The properties of complex numbers
Modules\(:|z|\)
We write \( |z| \) the module of a complex number \( z \).
Let be \( (x, y) \in \hspace{0.05em} \mathbb{R}^2, \enspace z \in \mathbb{C}, \enspace \Biggl \{ \begin{gather*}
z = x + iy \\
|z| = \sqrt{x^2 + y^2 } \end{gather*} \)
Modules of the opposite and the conjugate
$$ \forall z \in \mathbb{C}, $$
$$ | z | = | - z | = |\overline{z}| $$
Module of a product
$$ \forall (z, z') \in \mathbb{C}, $$
$$ | z z' | = | z| \hspace{0.2em}. |z' |$$
In the same way, we will have:
$$ \forall z \in \mathbb{C}, \enspace \forall z' \in \mathbb{C^*}, $$
$$ \left| \frac{z}{z'} \right| = \frac{| \ z \ |}{ |z' |} $$
Module of a complex number raised to an integer power
$$ \forall z \in \mathbb{C}, \enspace \forall n \in \mathbb{N}, $$
$$ | z^n | = | z |^n $$
Arguments\(: arg(z) \)
Let be \( (x, y) \in \hspace{0.05em} \mathbb{R}^2, \enspace z \in \mathbb{C}, \)

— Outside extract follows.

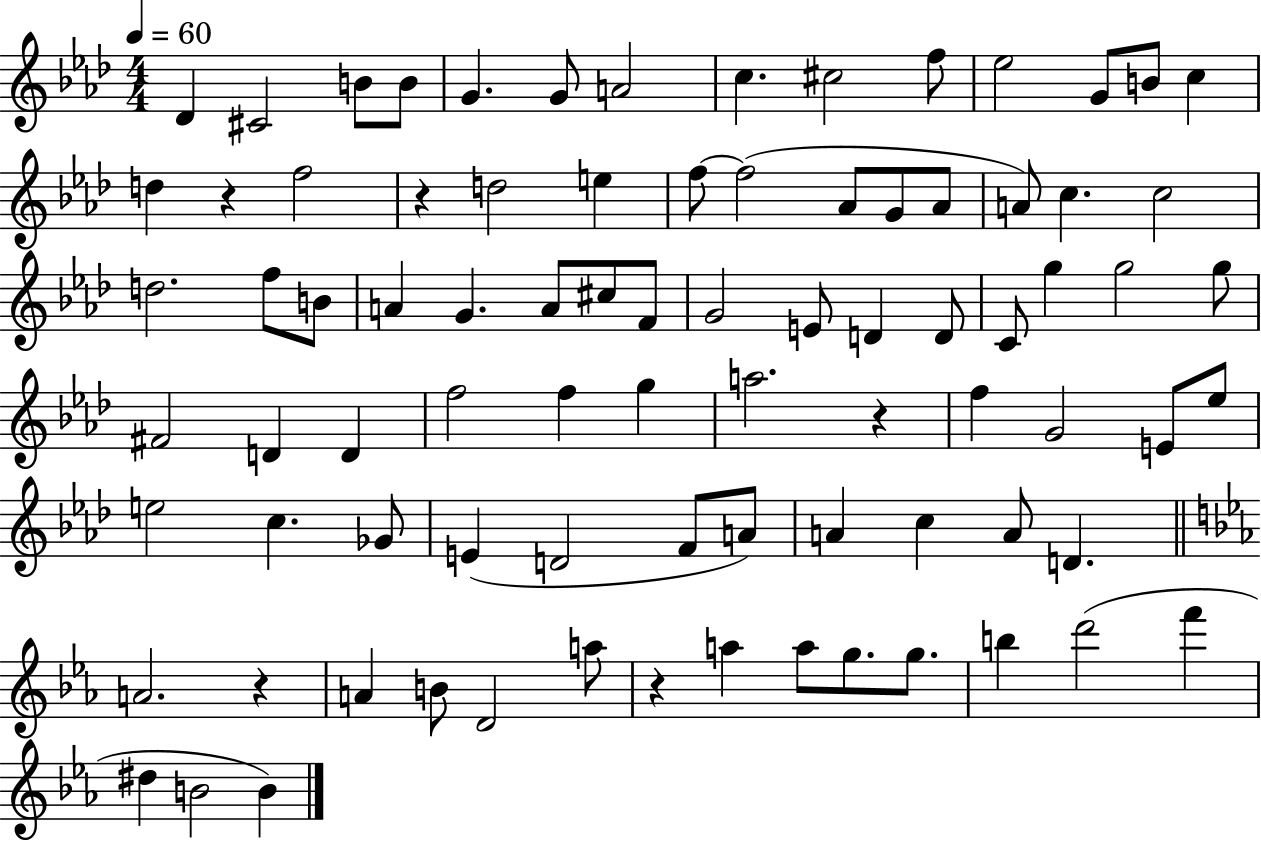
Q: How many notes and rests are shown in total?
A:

$$ \Biggl \{ \begin{gather*}
z = x + iy \\
z = |z|.\left(cos(\theta) + isin(\theta) \right) \end{gather*} $$
We write \( arg(z) \) the argument of a cmplex number \( z \).
Arguments of conjugate and opposite
$$ \forall z \in \mathbb{C}, $$
$$ \Biggl \{ \begin{gather*}
arg(\overline{z}) = -arg(z) \\
arg( -z) = \pi + arg(z) \end{gather*} $$
Argument of a product
$$ \forall z, z' \in \hspace{0.05em} \mathbb{C}^2, $$
$$ arg( z z') = arg(z) + arg(z') $$
Argument of an inverse
$$ \forall z \in \mathbb{C^*}, $$
$$ arg\left(\frac{1}{z}\right) = -arg(z) $$
Argument of a quotient
$$ \forall z \in \mathbb{C}, \enspace \forall z' \in \mathbb{C^*},$$
$$ arg\left(\frac{z}{z'}\right) = arg(z) -arg(z') $$
Argument of a complex number raised to an integer power
$$ \forall z \in \mathbb{C}, \enspace \forall n \in \mathbb{Z},$$
$$ arg(z^n) = n . arg(z) $$
Conjugates\(: \overline{z}\)
We write \( \overline{z} \) the conjugate of a complex number \( z \).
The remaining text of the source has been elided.